--- START ---
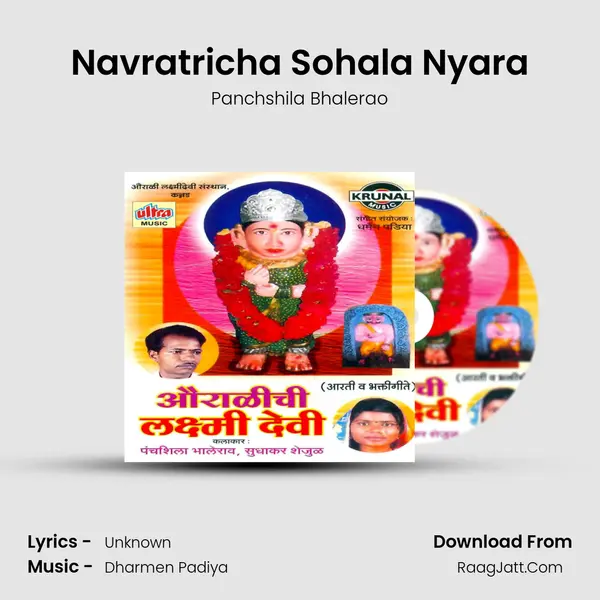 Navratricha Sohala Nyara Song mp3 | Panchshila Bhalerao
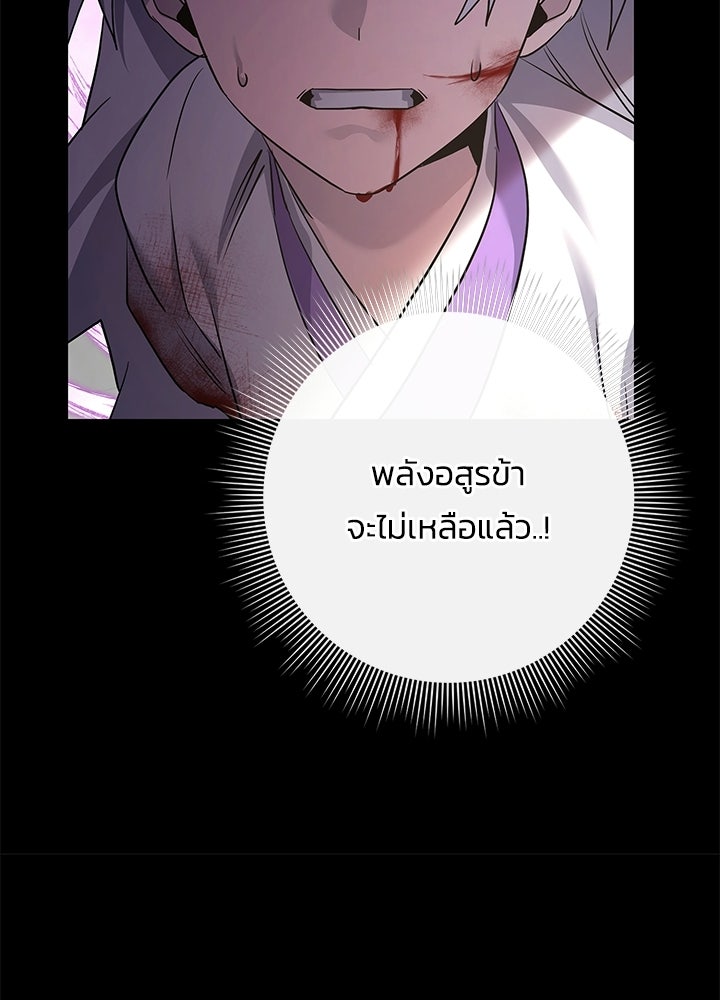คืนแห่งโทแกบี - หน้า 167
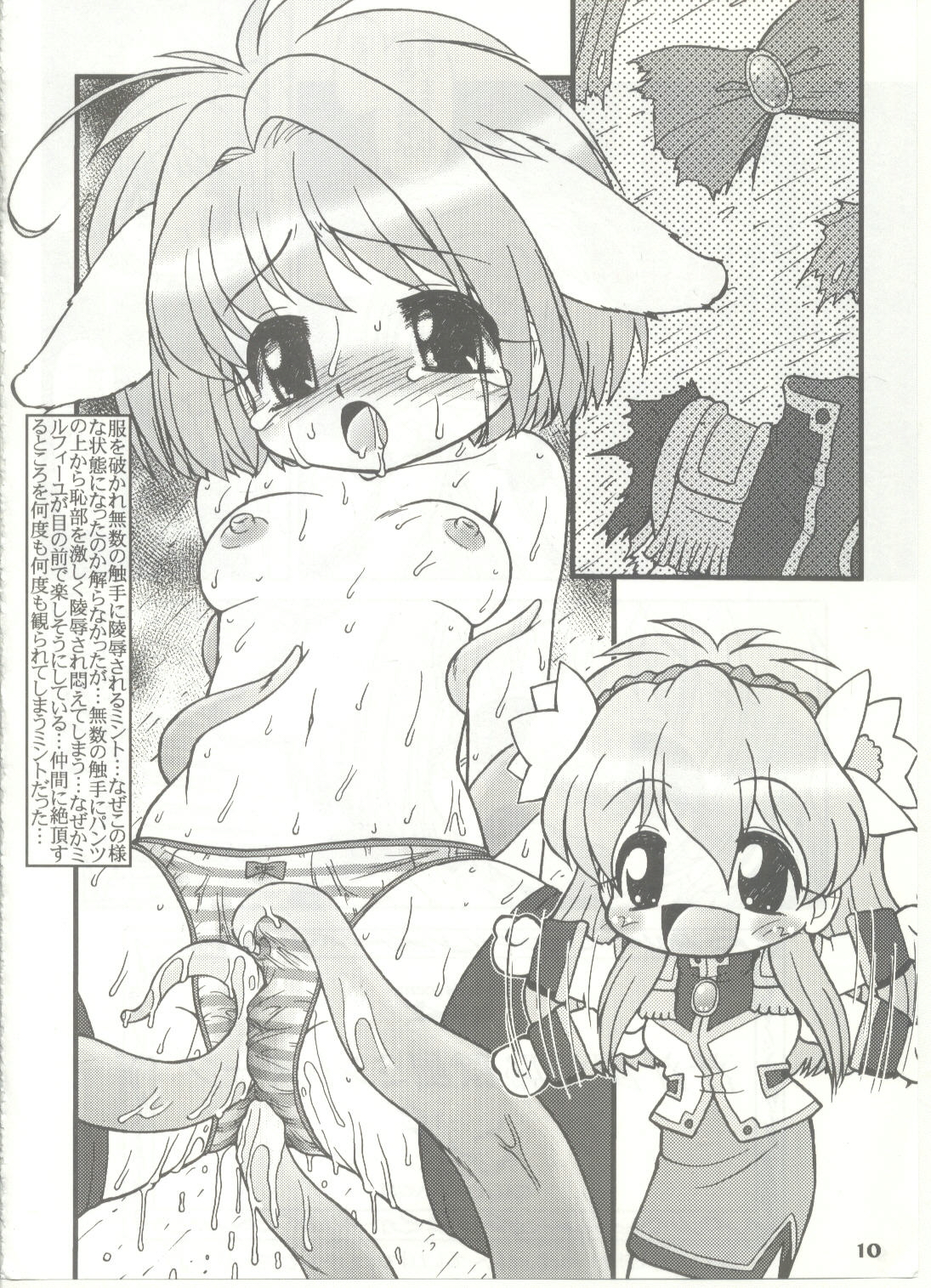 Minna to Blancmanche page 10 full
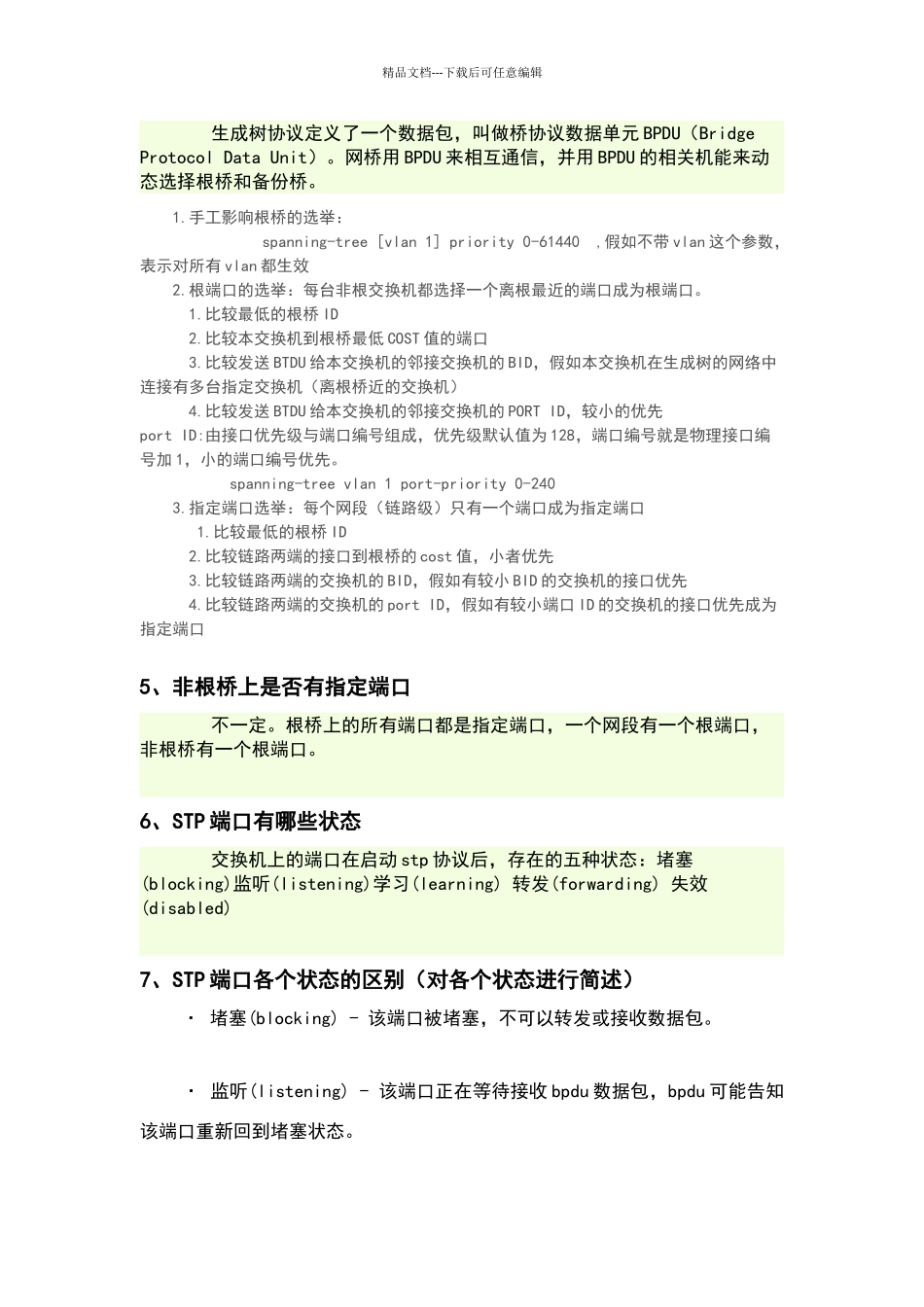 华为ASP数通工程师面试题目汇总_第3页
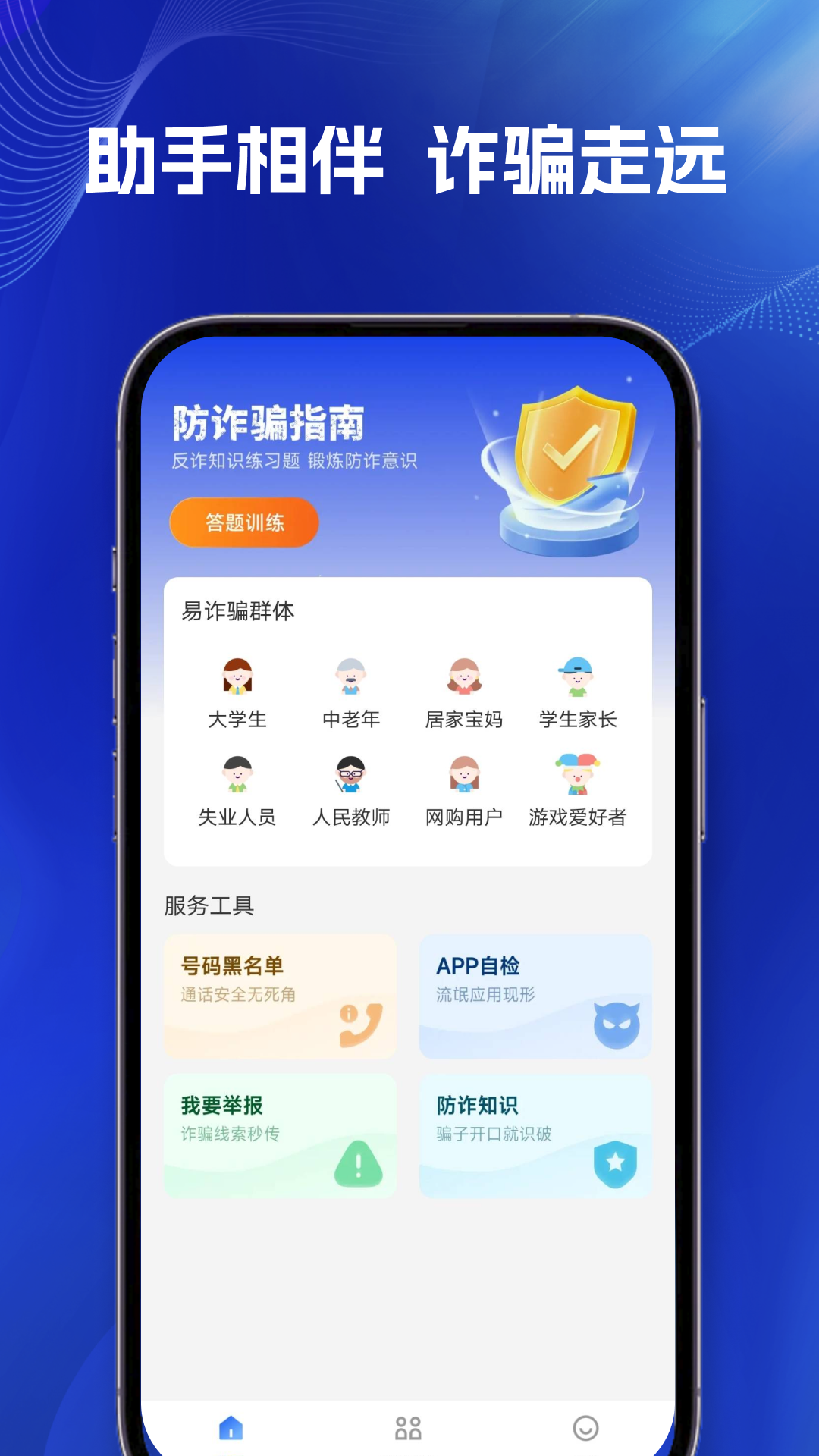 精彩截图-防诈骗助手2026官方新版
--- END ---
ACTIVITY -
Only the lines from the line containing "คืนแห่งโทแกบี - หน้า 167" through the last line of the entries above should be reproduced, word for word and without pictures.

ANSWER TO THE PROBLEM -
คืนแห่งโทแกบี - หน้า 167
 Minna to Blancmanche page 10 full
 华为ASP数通工程师面试题目汇总_第3页
 精彩截图-防诈骗助手2026官方新版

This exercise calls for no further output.